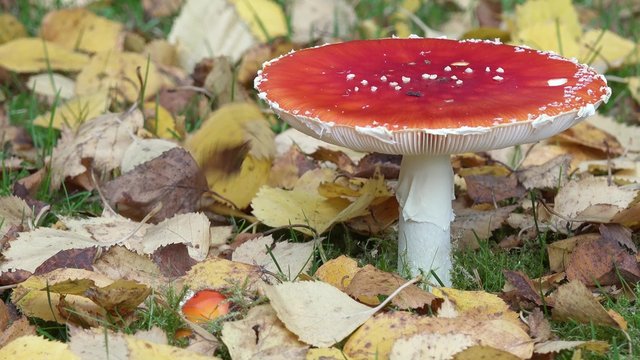 Fliegenpilz im Herbst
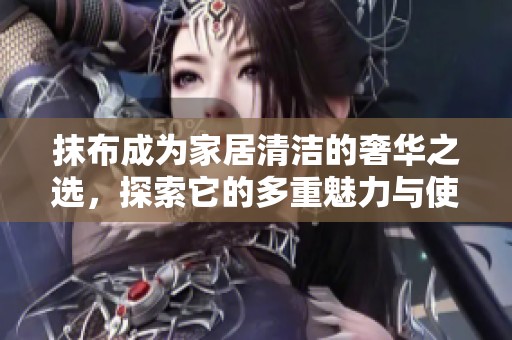 抹布成为家居清洁的奢华之选，探索它的多重魅力与使用价值
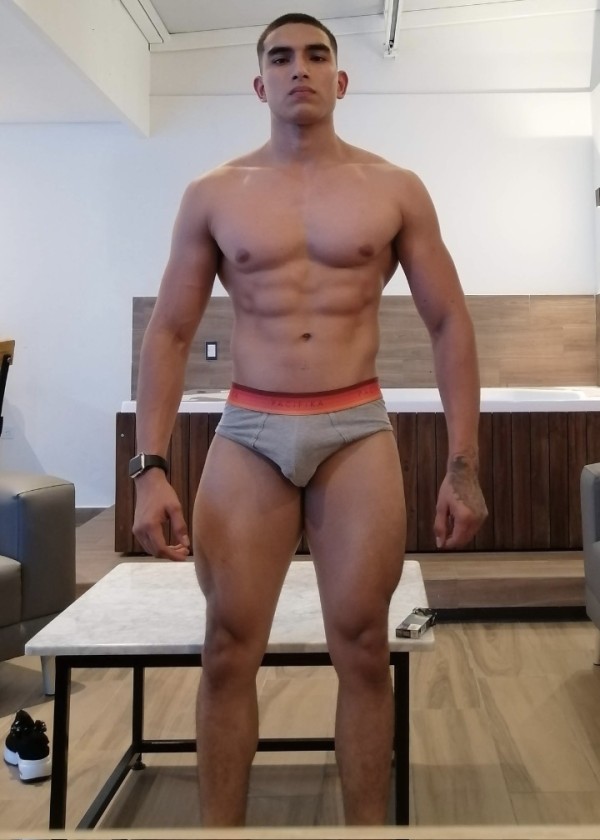 Fitness modelo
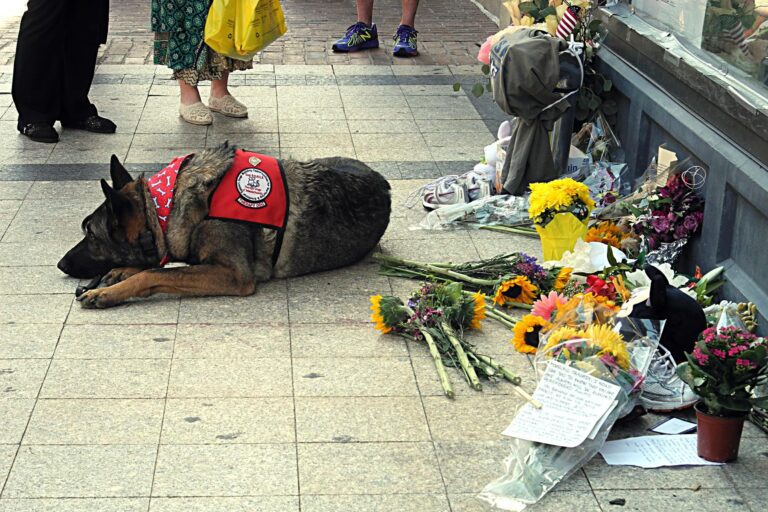 Service Dog at Boston Marathon Memorial (8682044042) - a dog laying on the ground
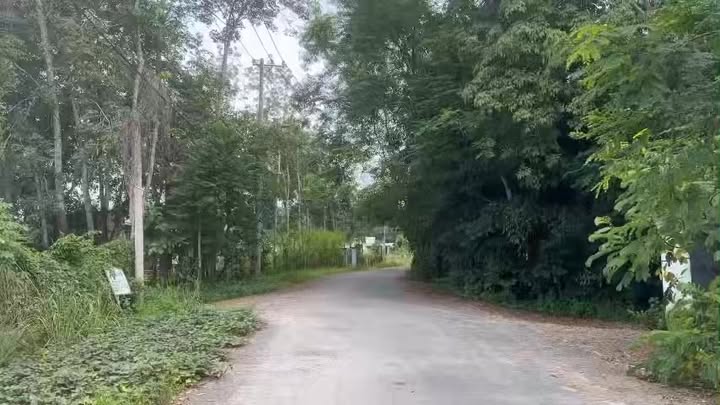 Đất An Nhơn Tây, Củ Chi 1200m² - Bán gấp, giá thỏa thuận!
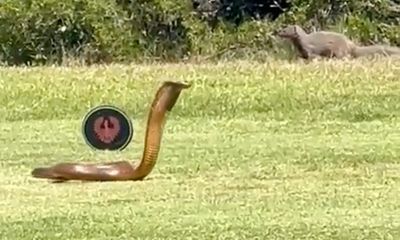 Watch: Angry cobra makes teeing off difficult for lady golfers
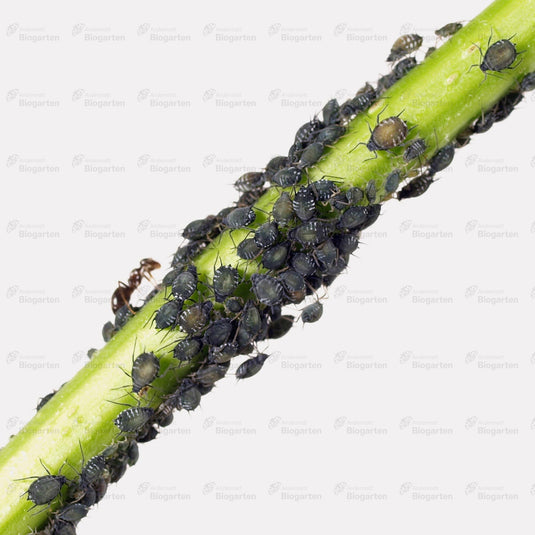 NeemAzal-T/S - 3 Portionen à 10ml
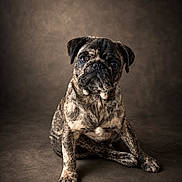 Maurice participe au concours pour gagner de l'argent avec cette photo : animal, background, brindle, brown, canine, cute, dog, domestic, ears, expression, face, fur, looking, mammal, paw, pet, portrait, pug, sitting, studio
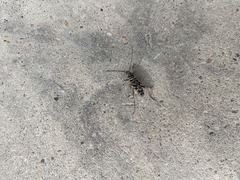 Placosternus difficilis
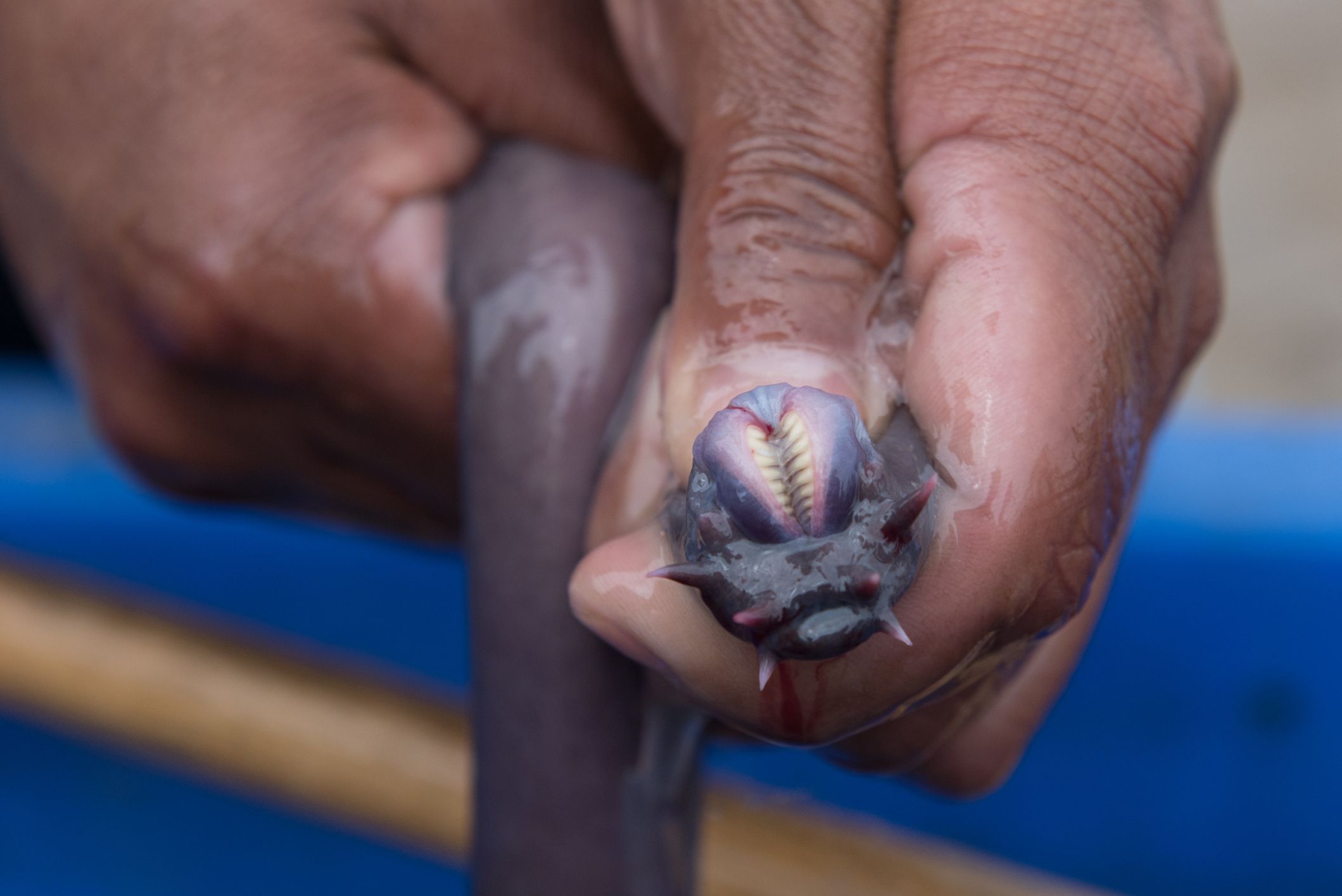 hagfish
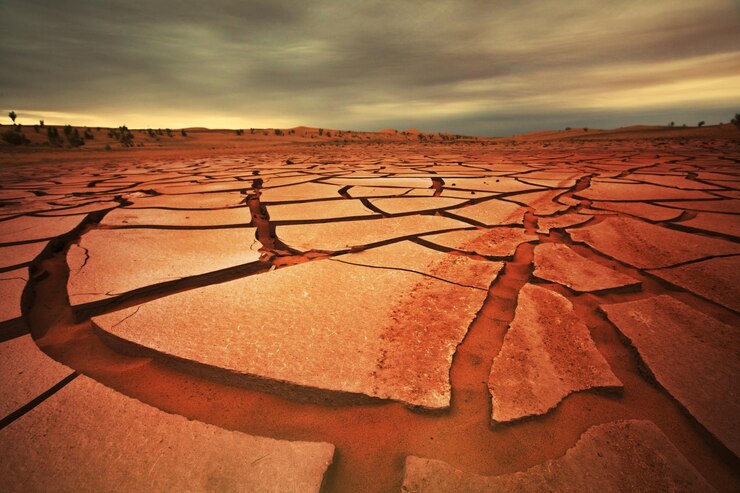Terra di siccità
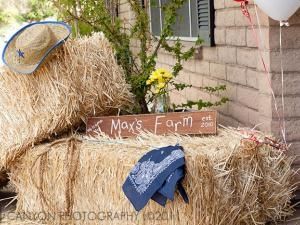 Mariage thème western - 10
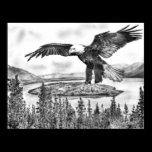 Eagle and Lake Poster posters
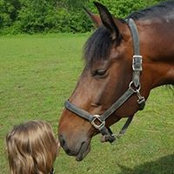 Alaina Koppsch's photo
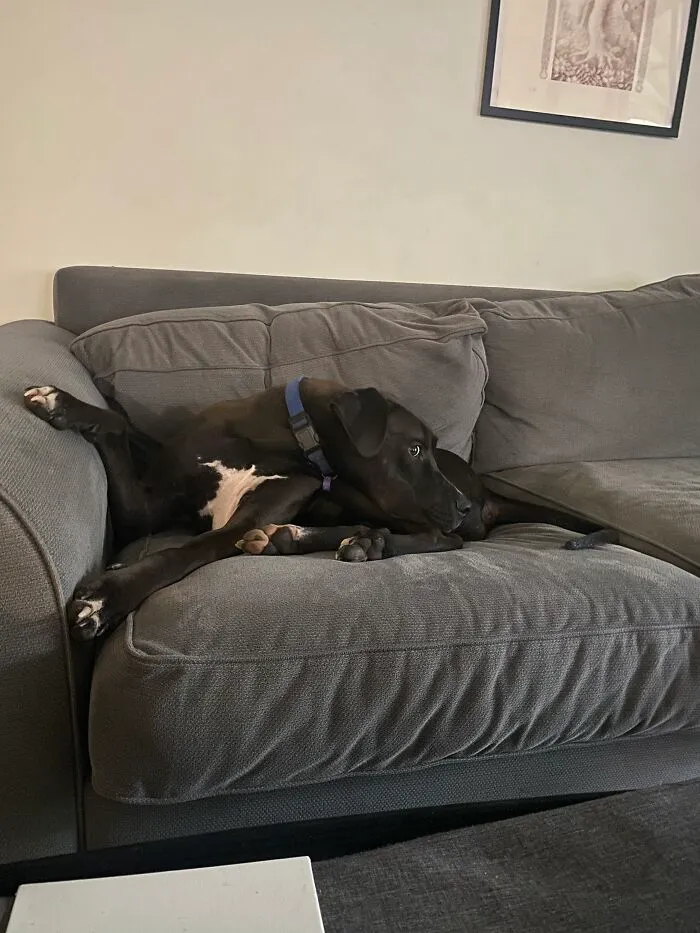 He Goes All Weird Whenever Cats Are On TV!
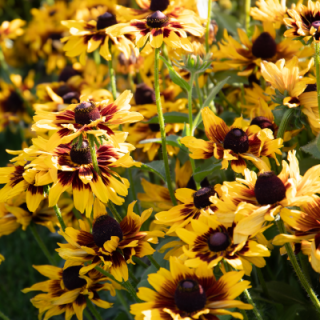 img-1: Рудбекия Денвер Дейзи [100 драже] - ООО «Семена Тут»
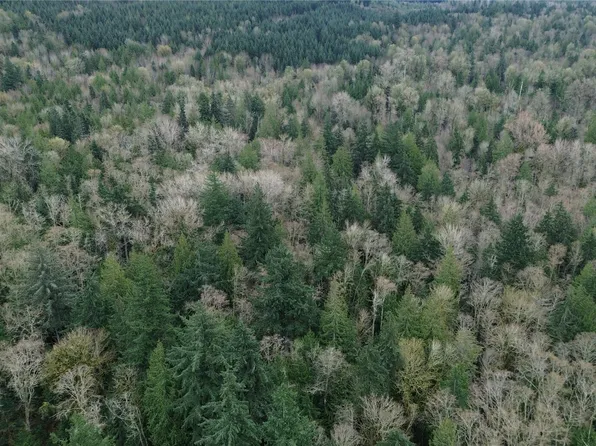 9 E Street, Bellingham, WA 98225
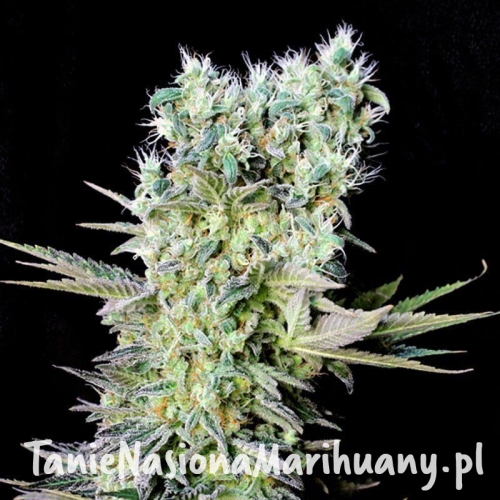 3de5d6495fe544a78033aa701b20ccf9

----

▸ EXERCISE PROMPT:
In the printed copy, the material above must appear unchanged and without its pictures.

▸ TASK SOLUTION:
 Fliegenpilz im Herbst
 抹布成为家居清洁的奢华之选，探索它的多重魅力与使用价值
 Fitness modelo
 Service Dog at Boston Marathon Memorial (8682044042) - a dog laying on the ground
 Đất An Nhơn Tây, Củ Chi 1200m² - Bán gấp, giá thỏa thuận!
 Watch: Angry cobra makes teeing off difficult for lady golfers
 NeemAzal-T/S - 3 Portionen à 10ml
 Maurice participe au concours pour gagner de l'argent avec cette photo : animal, background, brindle, brown, canine, cute, dog, domestic, ears, expression, face, fur, looking, mammal, paw, pet, portrait, pug, sitting, studio
 Placosternus difficilis
 hagfish
Terra di siccità
 Mariage thème western - 10
 Eagle and Lake Poster posters
 Alaina Koppsch's photo
 He Goes All Weird Whenever Cats Are On TV!
 img-1: Рудбекия Денвер Дейзи [100 драже] - ООО «Семена Тут»
 9 E Street, Bellingham, WA 98225
 3de5d6495fe544a78033aa701b20ccf9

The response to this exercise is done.